**Your objective:** Give the lines below again exactly, starting with the line that holds "Falconer and hawk" and going on through the line that holds "Image of Nestasia".

**Stored data:**
....

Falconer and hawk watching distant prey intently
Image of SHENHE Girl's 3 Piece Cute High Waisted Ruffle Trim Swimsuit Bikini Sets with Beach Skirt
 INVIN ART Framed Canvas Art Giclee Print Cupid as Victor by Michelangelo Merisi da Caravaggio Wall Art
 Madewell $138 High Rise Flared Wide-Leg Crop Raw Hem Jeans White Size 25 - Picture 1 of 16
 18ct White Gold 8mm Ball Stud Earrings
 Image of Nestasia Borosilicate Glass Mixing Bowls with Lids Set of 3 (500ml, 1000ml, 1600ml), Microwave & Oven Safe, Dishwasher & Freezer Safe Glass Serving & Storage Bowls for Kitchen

....

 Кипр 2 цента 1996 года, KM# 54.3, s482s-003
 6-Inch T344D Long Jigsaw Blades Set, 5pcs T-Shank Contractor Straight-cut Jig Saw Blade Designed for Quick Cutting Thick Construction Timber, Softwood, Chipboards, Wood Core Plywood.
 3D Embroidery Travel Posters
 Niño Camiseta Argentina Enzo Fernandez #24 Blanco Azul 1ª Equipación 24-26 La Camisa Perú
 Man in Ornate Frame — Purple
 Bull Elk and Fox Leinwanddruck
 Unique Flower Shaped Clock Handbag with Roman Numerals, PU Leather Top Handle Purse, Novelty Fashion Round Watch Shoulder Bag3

....

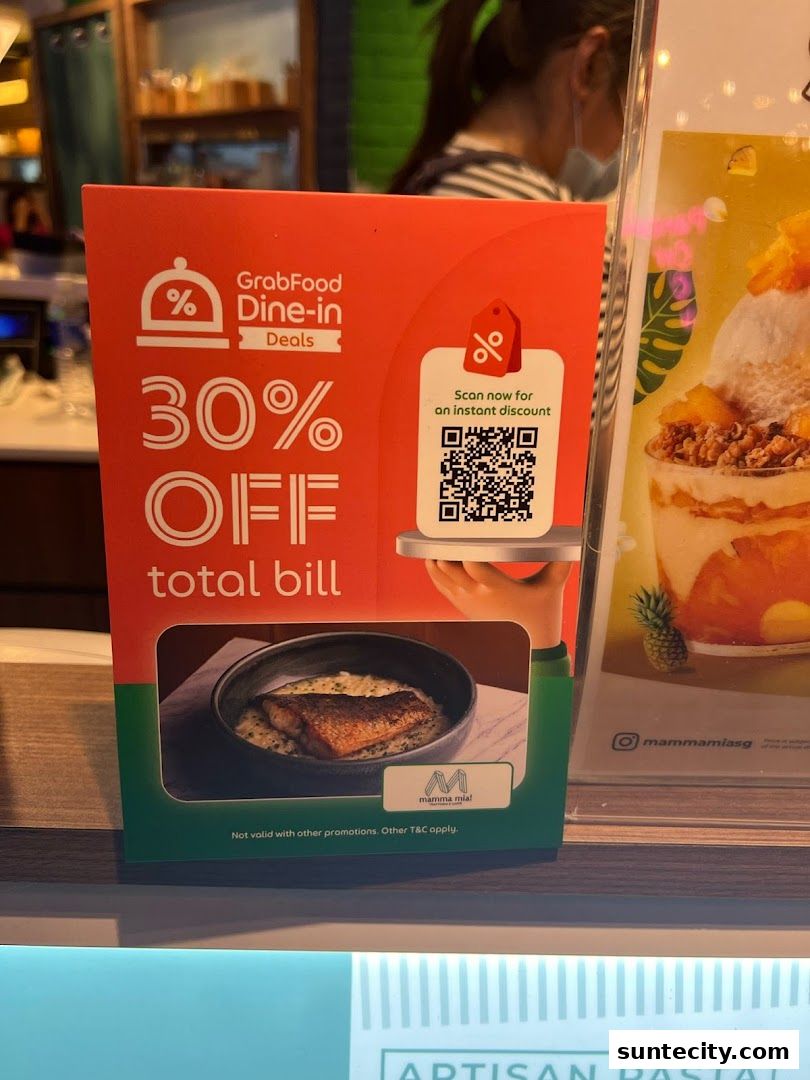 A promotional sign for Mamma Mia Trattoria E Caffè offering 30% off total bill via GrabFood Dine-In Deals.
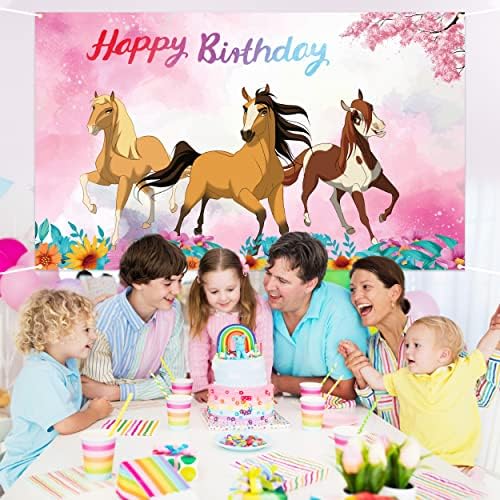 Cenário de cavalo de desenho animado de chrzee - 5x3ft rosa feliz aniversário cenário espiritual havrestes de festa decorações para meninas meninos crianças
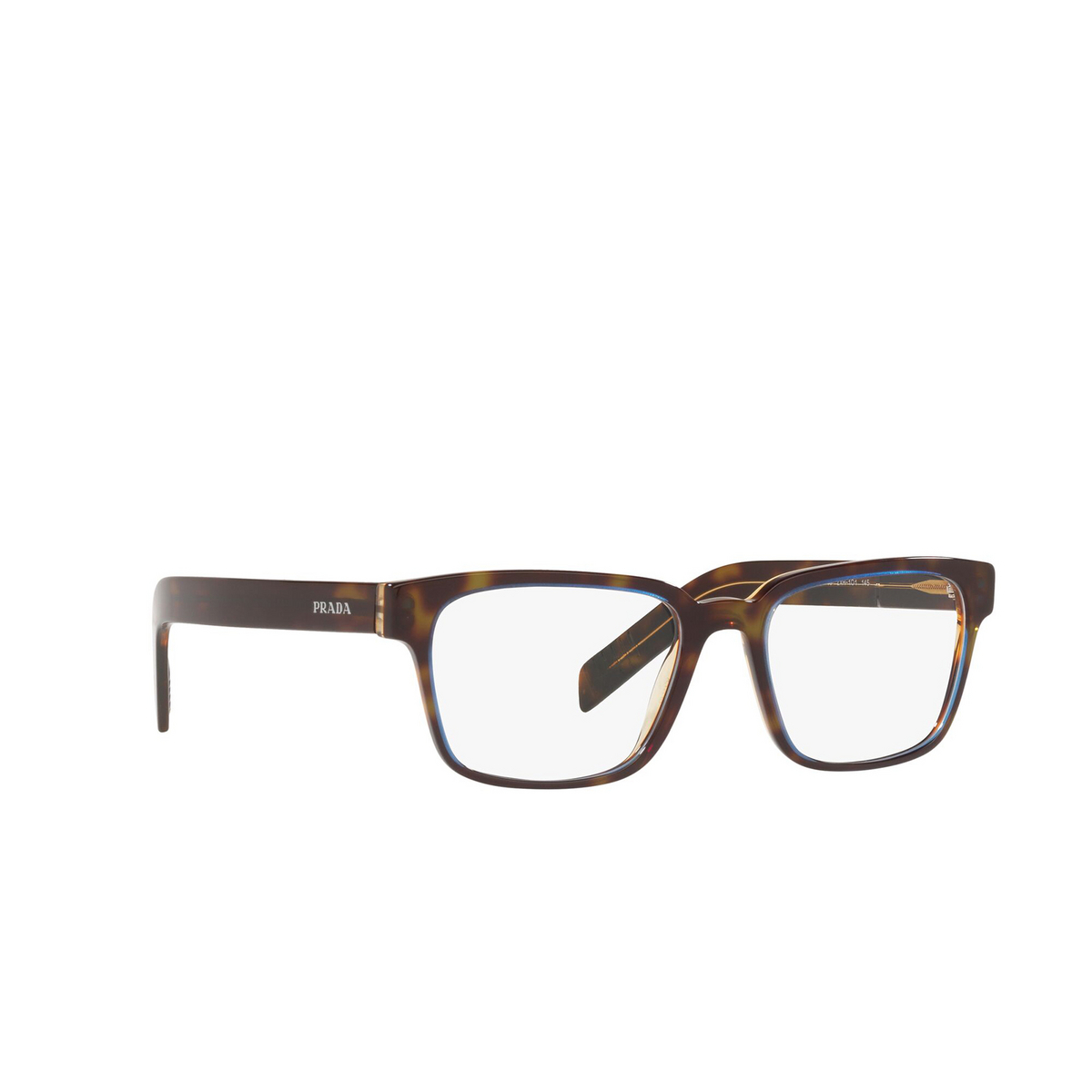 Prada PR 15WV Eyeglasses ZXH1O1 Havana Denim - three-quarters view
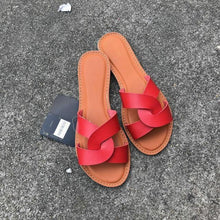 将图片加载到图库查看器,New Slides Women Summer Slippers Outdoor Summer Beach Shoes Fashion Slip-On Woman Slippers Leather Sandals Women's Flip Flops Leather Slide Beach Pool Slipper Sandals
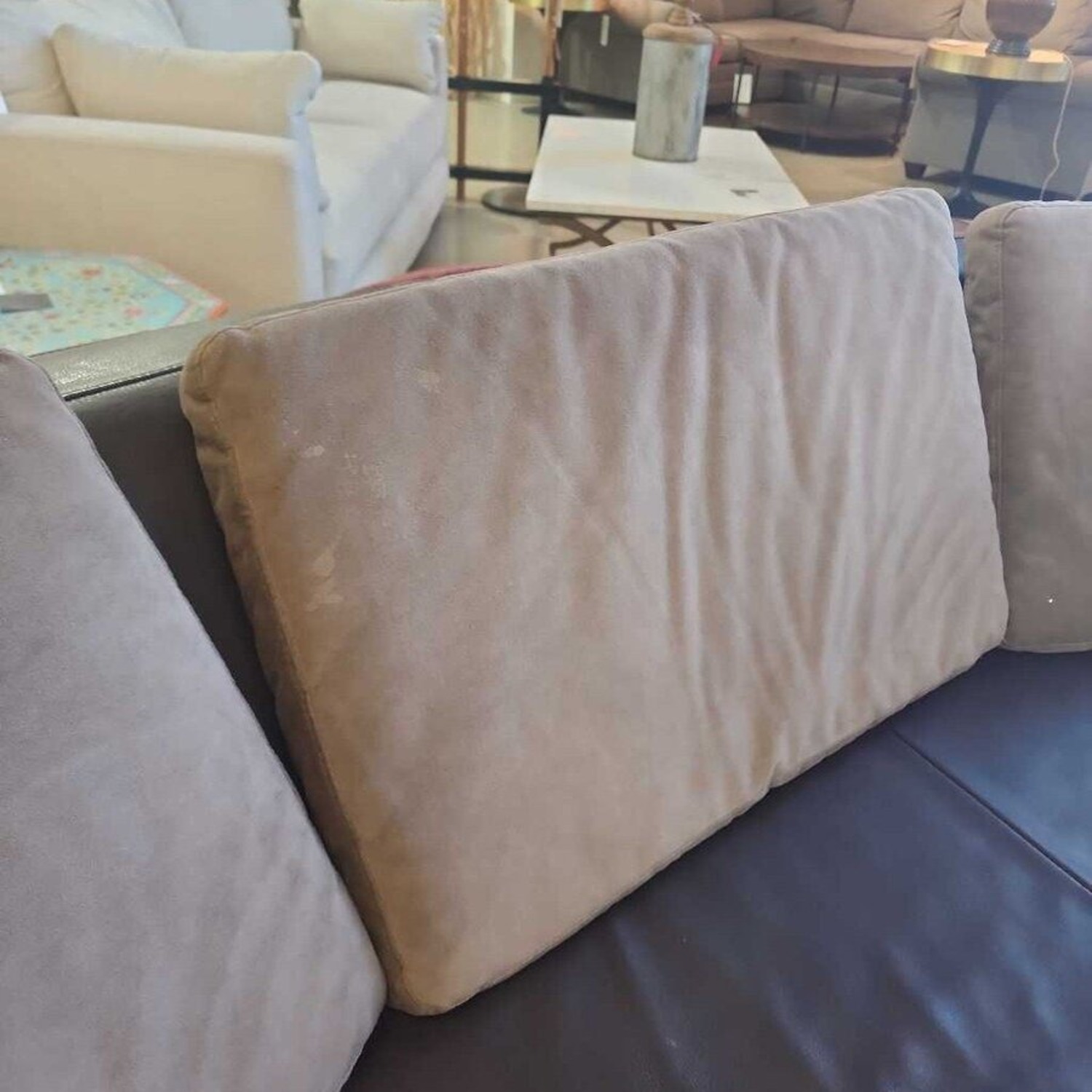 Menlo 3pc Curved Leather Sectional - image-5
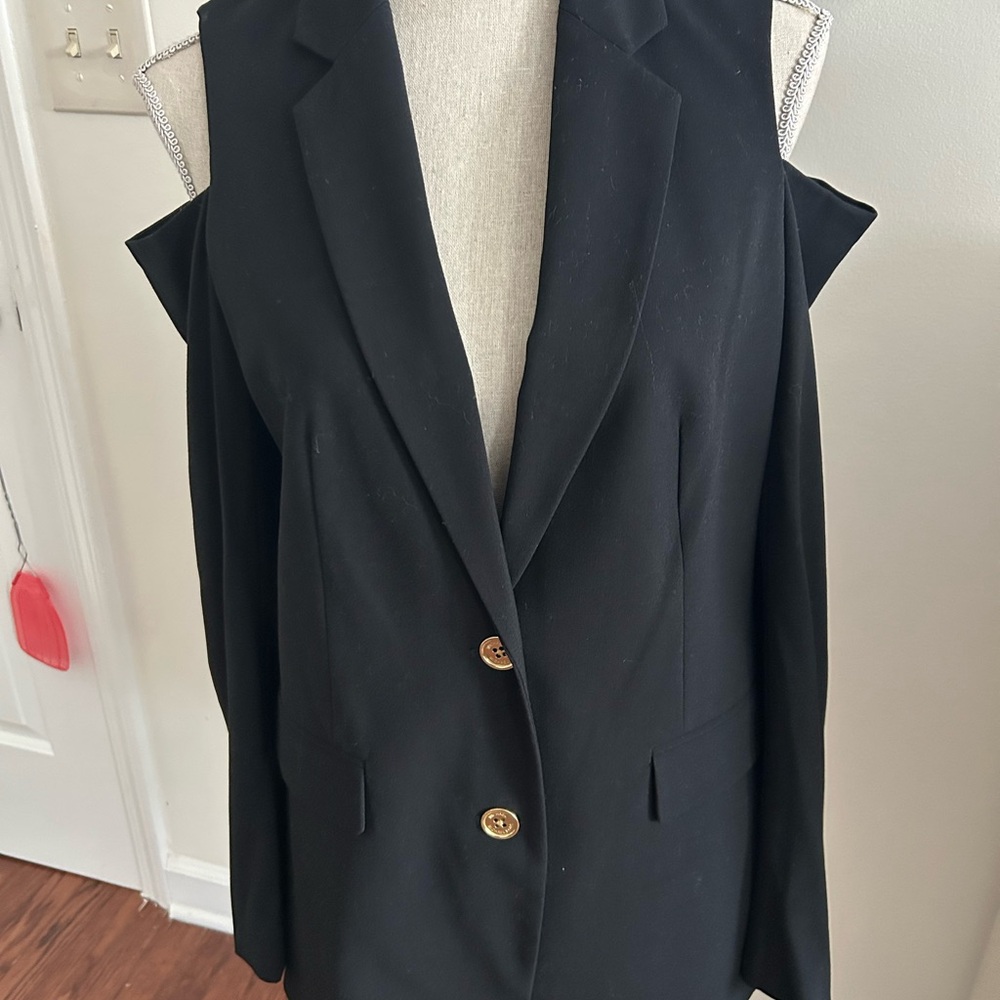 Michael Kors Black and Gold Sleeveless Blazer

....

**Response to this task:**
Falconer and hawk watching distant prey intently
Image of SHENHE Girl's 3 Piece Cute High Waisted Ruffle Trim Swimsuit Bikini Sets with Beach Skirt
 INVIN ART Framed Canvas Art Giclee Print Cupid as Victor by Michelangelo Merisi da Caravaggio Wall Art
 Madewell $138 High Rise Flared Wide-Leg Crop Raw Hem Jeans White Size 25 - Picture 1 of 16
 18ct White Gold 8mm Ball Stud Earrings
 Image of Nestasia Borosilicate Glass Mixing Bowls with Lids Set of 3 (500ml, 1000ml, 1600ml), Microwave & Oven Safe, Dishwasher & Freezer Safe Glass Serving & Storage Bowls for Kitchen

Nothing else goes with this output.